**Work request:**
Give back the line below containing "It's a space" and every later line, exactly.

**Given data:**
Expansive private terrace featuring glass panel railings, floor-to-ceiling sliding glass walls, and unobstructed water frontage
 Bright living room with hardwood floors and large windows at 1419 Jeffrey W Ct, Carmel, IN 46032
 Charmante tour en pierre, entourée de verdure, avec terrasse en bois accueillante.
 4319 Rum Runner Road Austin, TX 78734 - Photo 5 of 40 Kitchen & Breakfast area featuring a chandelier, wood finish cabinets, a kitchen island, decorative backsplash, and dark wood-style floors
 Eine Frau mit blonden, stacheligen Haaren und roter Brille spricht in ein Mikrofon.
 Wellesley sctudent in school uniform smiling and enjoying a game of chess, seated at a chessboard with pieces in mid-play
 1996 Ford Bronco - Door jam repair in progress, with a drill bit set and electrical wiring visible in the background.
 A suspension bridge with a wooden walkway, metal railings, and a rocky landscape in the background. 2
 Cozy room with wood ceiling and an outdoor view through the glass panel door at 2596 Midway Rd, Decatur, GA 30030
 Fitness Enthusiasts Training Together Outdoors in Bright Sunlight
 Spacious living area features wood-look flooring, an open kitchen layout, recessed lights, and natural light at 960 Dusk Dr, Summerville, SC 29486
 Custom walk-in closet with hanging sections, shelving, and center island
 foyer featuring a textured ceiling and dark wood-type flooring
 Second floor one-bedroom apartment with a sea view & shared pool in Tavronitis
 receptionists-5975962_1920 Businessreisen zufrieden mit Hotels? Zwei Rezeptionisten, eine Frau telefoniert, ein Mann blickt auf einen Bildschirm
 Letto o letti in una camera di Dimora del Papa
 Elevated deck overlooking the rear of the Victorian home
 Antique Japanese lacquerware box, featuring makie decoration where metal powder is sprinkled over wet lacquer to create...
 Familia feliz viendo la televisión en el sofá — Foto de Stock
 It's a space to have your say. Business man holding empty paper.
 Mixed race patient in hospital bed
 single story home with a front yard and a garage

**Answer box:**
 It's a space to have your say. Business man holding empty paper.
 Mixed race patient in hospital bed
 single story home with a front yard and a garage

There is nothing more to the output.